Really glad to see stuff like this, remember back in the day when the UK was pumping out microcomputer after microcomputer (Speccy, BBC B, Tandy, Amiga, Archimedes et al) whilst the rest of the world was trying to catch up.
Oh well, at least we gave the world ARM before it all went tits up :-)
"when the UK was pumping out microcomputer after microcomputer (Speccy, BBC B, Tandy, Amiga, Archimedes et"
There were indeed many British home computer manufactures over the period implied by your list but I'm pretty sure that Tandy Radio Shack and Commodore where not in that list.
"anybody with a talent for programming could write cool games in their bedroom and become a millionaire"
I was a whizz with Basic as were others. But the assembly language needed for proper action games was in a different class. Those were written on large purpose built systems then cross compiled for the target, I believe, not something we had access to in our bedrooms.
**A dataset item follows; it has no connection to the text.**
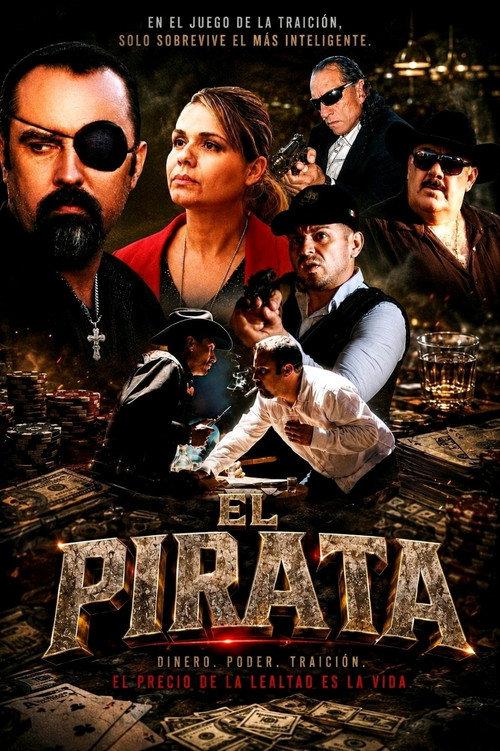 El Pirata 2015 official movie poster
Those example games are early 80s not 1989.
Large, purpose-built systems, you say? Perhaps, for big programming houses, but a lot of game dev in the 80s was initiated from bedrooms. Even our scrubby lot at our local comp started to mess about with both 6502 and Z80 in the mid-80s. Most schoolboys knew the code for a hex inputter and any Speccy or C=64 user who hadn't heard of RANDOMIZE USR XXXXX or SYS xxxxxx was thrown to the art department!
Check some of the later type-ins from Sinclair user and the like. You'll see all manner of machine-code-based programs that have been written by bedroom coders (but not mine, 'cos they didn't publish it, that gits!).
Got my old and trusted BBC Model B in the attic.
Problem what the shelf life of those EPROMS. I suspect.
I know this country was a bit prolific in churning out computers back in the 80's, but we can't claim responsibility for *all* of them... Mind you, given how quirky, far ahead of the competition, and poorly treated by upper management the Amiga was, perhaps it's understandable you'd mistake it for a product of the UK.
I remember the US based 80 Micro magazine (for TRS-80 computers) running a comp challenging readers to write a game in BASIC in one line of code. No assembler allowed.
It was handy to number your line as line 0 while remembering that GOTO without a line number would go to line 0, that you didn't need spaces between BASIC commands and other text and that once you reached the max line length you could then EDIT 0 and the BASIC commands would be tokenised down to one byte, giving you a more space in your line.
A quick google finds one remarkably similar to my entry. That's probably why I didn't win. :-)
There were much better games on the winners rostrum at the time.
Not so sure this is the type of thing the current competition is all about though, but at least you could manage it inside the time limit.
Pirate flag because in those days I had a dual tape deck. Arrrrrr.
Just had a look at this at it's BRILL. We wrote a similar thing on my mate's Vic-20 which had 'gates' (symbolised by the <> symbols) and a skier (pi symbol). Gates would print from the bottom, thus autoscrolling up the screen. If you miss a gate, game over. Took about 20 lines of code... wonder if I can shrink it down...
There's a lot of comments above about cross-compiling etc.
The bedroom coders of the 80s didn't have the luxury of bigger faster (note I didn't say better!) platforms to code on, they HAD to code on the target platform...
Reminds me of typing in the program listings from C&VG, then spending four hours trying to find the typing errors.
They could cross compile fairly easily especially from the CPC to the Spectrum as they had the same CPU: From olivertwins.com:
"When the Spectrum turned up with its rubbery keys and infuriating code input rules it was all too much. We wanted to be able to continue writing games on our Amstrad but produce them for the Spectrum as well so we called on a couple of friends - David Jones* & Ivan Link to create a cable to link the two machines. This enabled us to write Spectrum games on our Amstrad."
They used MAXAM on the Amstrad CPC IIRC. And yes at this time they were still working in their bedroom!